- [Brief] Restate word for word the lines below from the one that has "5 فائزين جدد" through the one that has "office2013永久激活(office2013永久激活码win8.1)", keeping both and dropping all pictures.

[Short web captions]
════

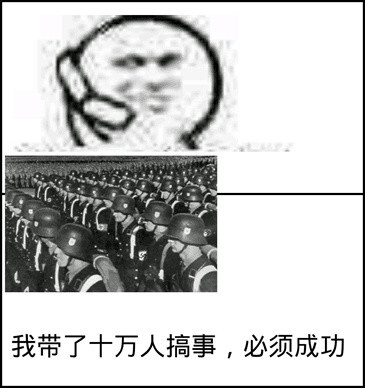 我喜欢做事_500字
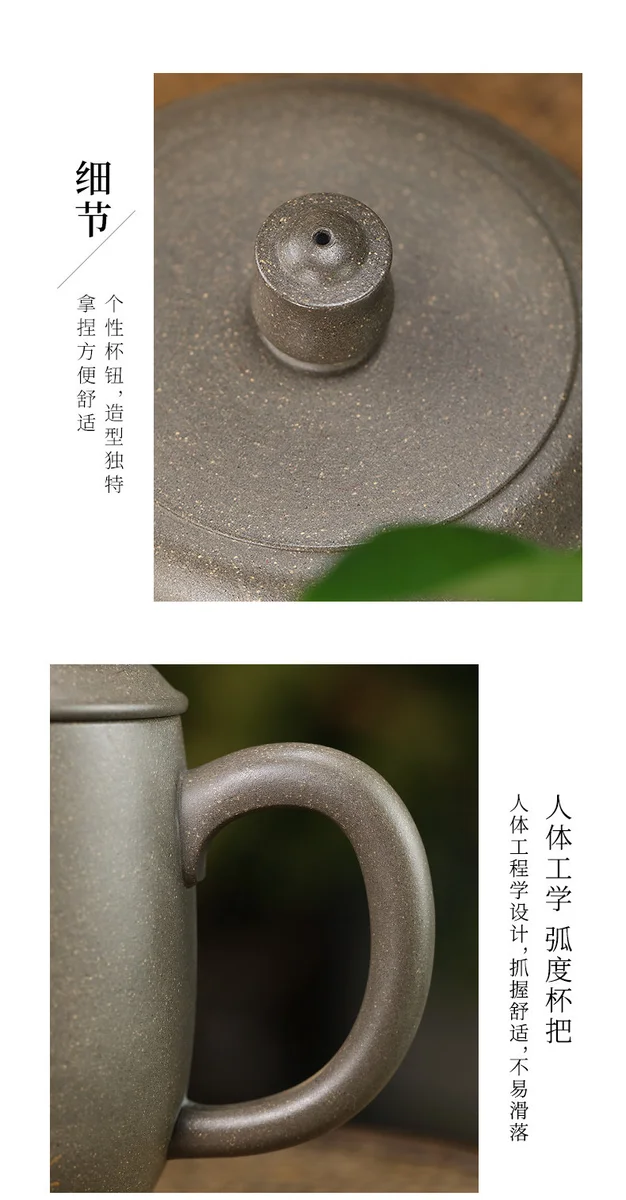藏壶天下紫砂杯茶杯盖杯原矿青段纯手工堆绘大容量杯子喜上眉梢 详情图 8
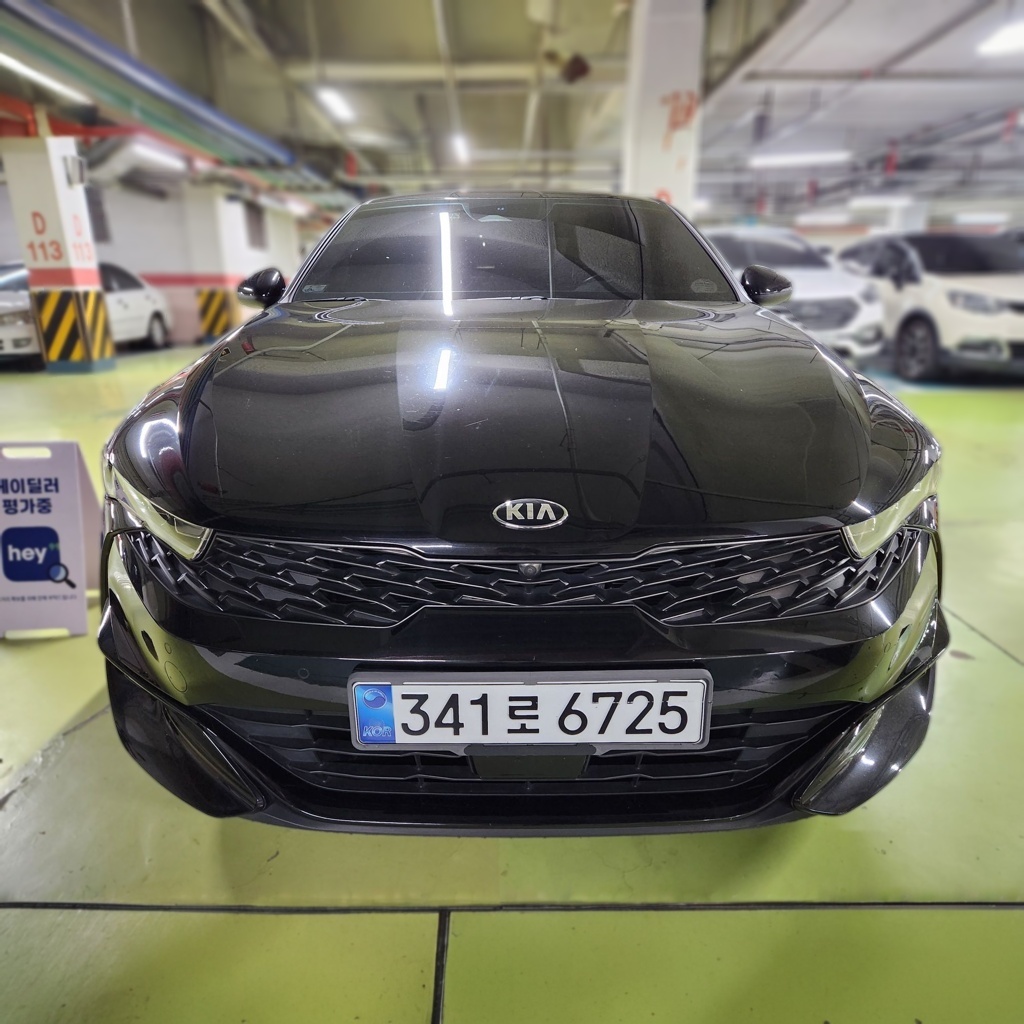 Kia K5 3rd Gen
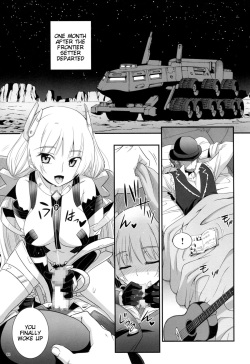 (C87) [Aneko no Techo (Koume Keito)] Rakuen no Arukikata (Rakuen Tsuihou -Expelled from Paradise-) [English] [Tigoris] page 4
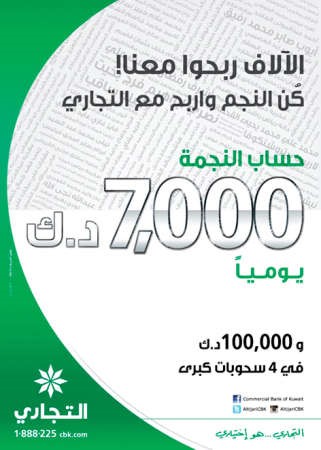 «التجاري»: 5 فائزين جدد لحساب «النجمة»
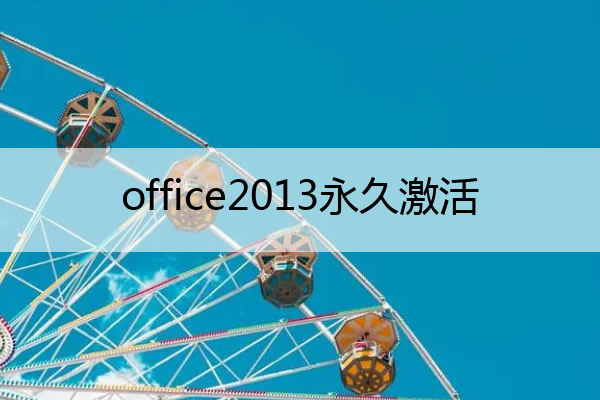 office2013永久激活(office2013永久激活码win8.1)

════

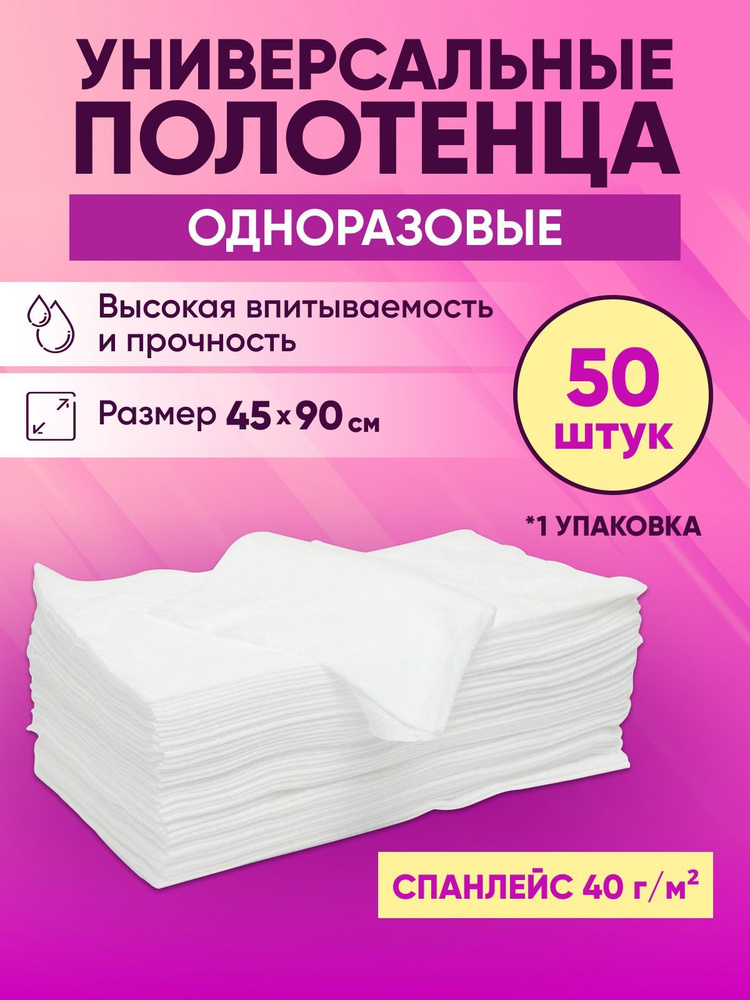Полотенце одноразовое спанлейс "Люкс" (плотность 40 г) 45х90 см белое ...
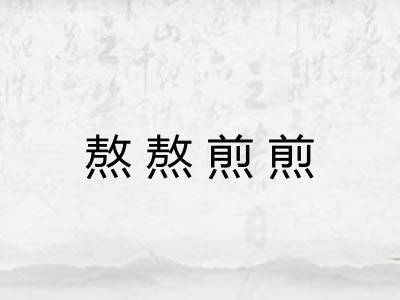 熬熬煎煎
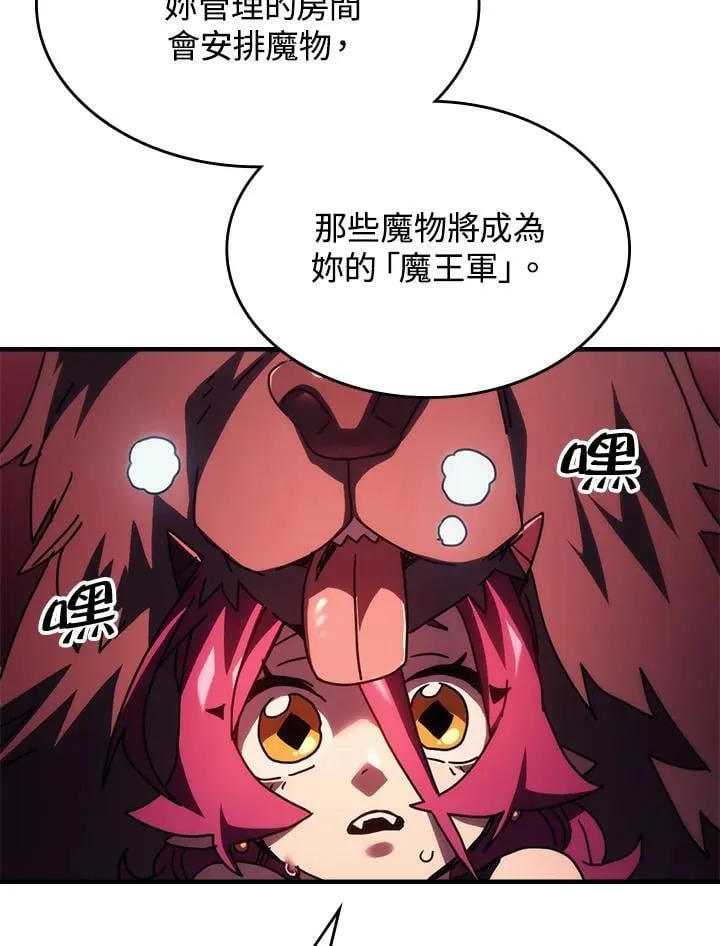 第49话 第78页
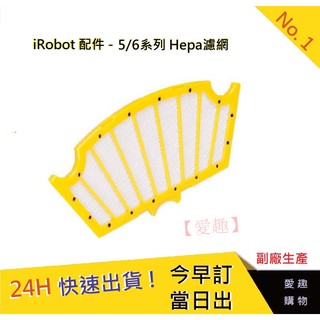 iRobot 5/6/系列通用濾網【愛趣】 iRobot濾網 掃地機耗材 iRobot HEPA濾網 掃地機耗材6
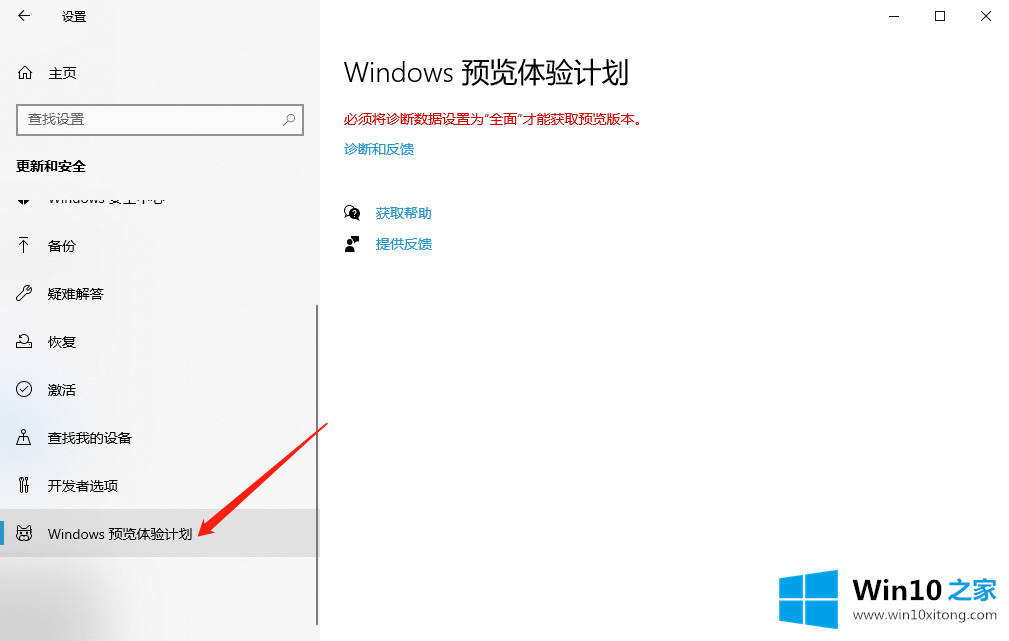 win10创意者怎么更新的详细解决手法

════

- [Solution below]
 «التجاري»: 5 فائزين جدد لحساب «النجمة»
 office2013永久激活(office2013永久激活码win8.1)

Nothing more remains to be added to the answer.